I finally got it done. My original aidea was to get it done as cheap as possible by doing the work. I brewed a golden strong last week and beat efficiency by .05 and pretty much stoked.
I have a tig so I did all the welding myself.
Boil kettle: basic keggle with 300 mesh hop spider from utahbiodiesel. Cool thing is the dip tube is copper pieces that I tig'd together- no solder!!
HLT: You can see I went with a bottom drain with the keg flipped upside down. Used 1/2" SS x10" pipe, tapped into the neck of the sanke keg spout, welded a cap on from flat stock. Dont have any left over water when I'm done so no messing with the HLT. Site glass was a SS elbow welded on, with a piece of 3/4 lexan from Mcmaster Carr (cost about 6 bucks each), Threaded the plasic and screwed it in. My buddy will cut out some numbers on his vinyl machine on of these days. The coil is a 3/8" wort chiller. I originally was going with 1/2 SS tubing and plumb it out the side to make a permanent HLT. 1 the tubing was too hard to bend so I shitcanned the idea, and 2, the wort chiller is now multi use If I need it to be. Note I welded a barb and quick connect on the wort chiller to make it easy to attach. I recommend using a wort chiller vs a dedicated HLT.
I usually run the herms for last 15 minutes or so, then I sparge with
the HLT running the hot water through the coil then into the tank- no
cleanup!! The sparge sprayer is a piece of 1/2 stainless steel tube
with 12x1/16" holes drilled in it that fits through a hole in the lid. Quiet the eloquent setup.
Mash tun is a Keg, bottom draining, with jaybird false bottom. You can't really see but both the HLT and mash tun have 1/4 stainless steel tubing welded into the keg so I can stick a digital thermo in there, or a PIDs probe later on if I decide I need to go automatic.
The Keg has been wrapped in 2" styrofoam (sides/bottom), that was cut in strips, and then filled in with spray foam. The front looks worse than the back but I coated it with some siliconized rubber roof paint I had. Once heated with a normal brew It will only loose a couple degrees on a cold day even without the herms.
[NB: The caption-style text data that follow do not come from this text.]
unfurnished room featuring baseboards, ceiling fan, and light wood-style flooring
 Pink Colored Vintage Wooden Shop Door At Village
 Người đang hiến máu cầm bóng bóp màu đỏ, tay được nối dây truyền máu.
With it, it very controlled and I don't get big temp swings
I went with 2 brewstands vs One. 1. I didn't want the mash tun next to the burners, and 2. I wanted to be able us my burner tables for fish frys/cookouts. Stand was only 50 bucks with wheels costing 20. It heavy duty 2 " square tubing with 3/4 round bar to hold the kegs. My stand for the mash tun is a old base to my komodo grill that I re-welded with plastic shelves. The paint is the ultra high temp that doest burn, even in the direct blast of the burners
You don't see a plate chiller that I clamp to the square tubing under the boil kettle for wort chilling. Grinder-its a 1954 coffee mill that weighs about 150lbs and is all cast. I have to use 2 cups rice hulls per brew but I get good efficiency from it.
The backside of the stand. I used black steel for the burners connected to custom crimped tube(I have a crimper) a most importantly a place to hang the gas so I can wheel the entire thing around fully loaded. The burners are just 10 dollar bayou classic that scream like the jet I fly.
I really like it. Its a lot smaller than a 3 place stand that most have and can cook other things if needed.